Casaubon’s Humanities

By Scott SpillmanNovember 11, 2014

Philology: The Forgotten Origins of the Modern Humanities by James C. Turner

IF YOU ASK READERS to picture a philologist, they are apt to think of a blank space or a question mark. If they think of anything at all, they might tend to think of someone like Edward Casaubon, the pitiable scholar and clergyman who marries Dorothea Brooke in George Eliot’s Middlemarch. Casaubon is an older man, spare of form and pale of complexion, with gray hair and deep-set eyes. He looks as if he spends his days poring over dusty books in a dark library, as indeed he does. When he takes Dorothea to Rome for their honeymoon, he goes to the Vatican to read rare manuscripts while poor Dorothea cries alone in her room. “I live too much with the dead,” he admits. “My mind is something like the ghost of an ancient, wandering about the world […] in spite of ruin and confusing changes.” Full of dry and pointless knowledge, and laboring futilely on a “Key to all Mythologies,” Casaubon looks out from his deep-set eyes with a dreary sense of weariness. He is not fond of the piano.


But crabbed men like Casaubon did not always characterize philology. “It used to be chic, dashing, and much ampler in girth,” as the intellectual historian James Turner writes in Philology: The Forgotten Origins of the Modern Humanities:


Philology reigned as king of the sciences, the pride of the first great modern universities […]. It meant far more than the study of old texts. Philology referred to all studies of language, of specific languages, and (to be sure) of texts. Its explorations ranged from the religion of ancient Israel through the lays of medieval troubadours to the tongues of American Indians — and to rampant theorizing about the origin of language itself.

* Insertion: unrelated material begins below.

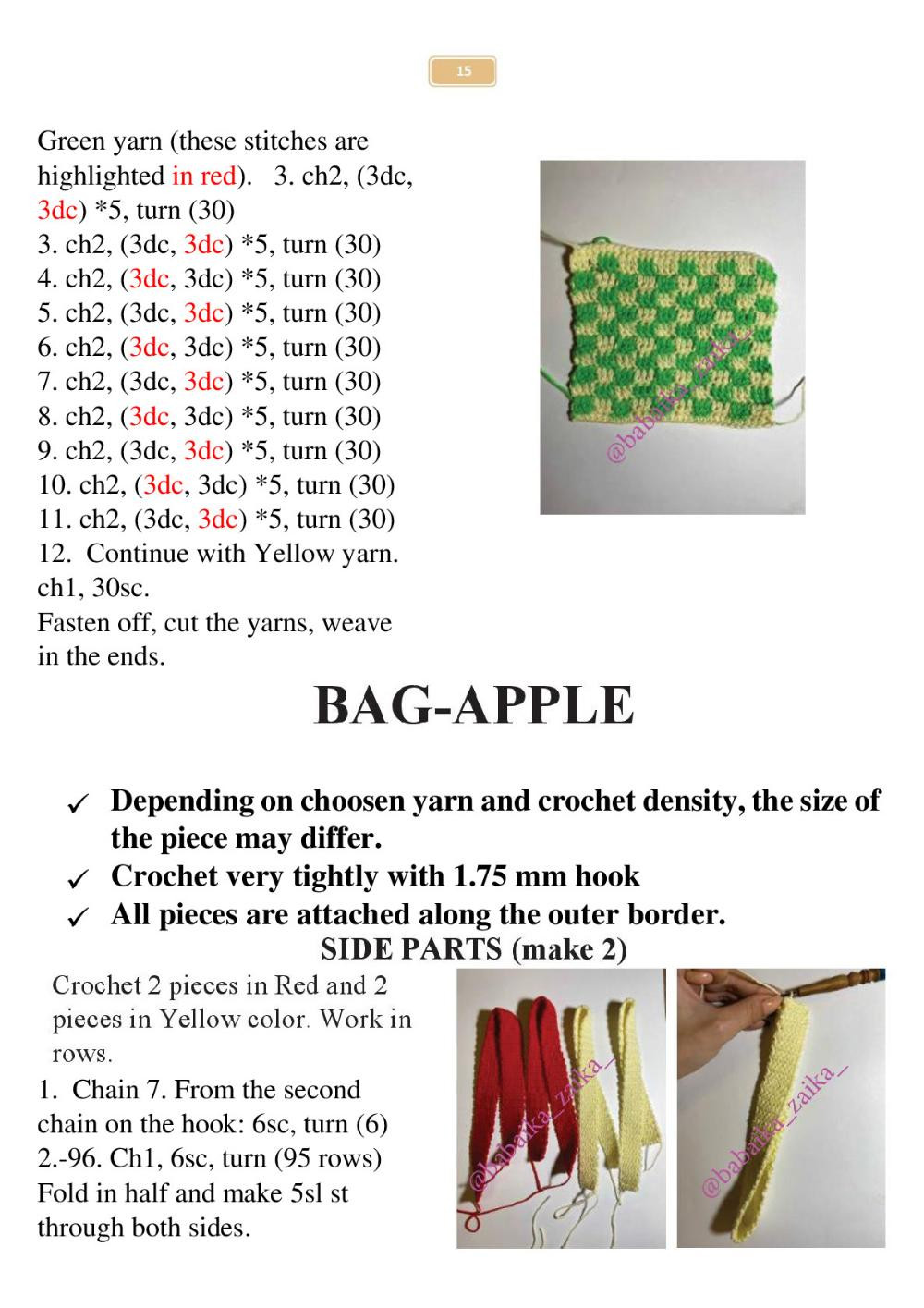 crochet pattern foxes in the apple bag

Before it began to fracture in the early 19th century, the various studies that went by the name “philology” were united by their shared scholarly methods. In contrast to Newtonian natural scientists, who sought to uncover universal and eternal laws of nature, philologists used history and comparison to reveal the contexts of a given text or language or religion. Almost any product of human language, which is to say almost any aspect of human culture, could be studied in a philological manner. Ultimately philologists attempted to trace the genealogical origins of modern languages and religions to their now-extinct ancestral forms, such as Proto-Indo-European, and to reconstruct entire lost worlds through the magic of dogged research, thorough comparison, and daring conjecture.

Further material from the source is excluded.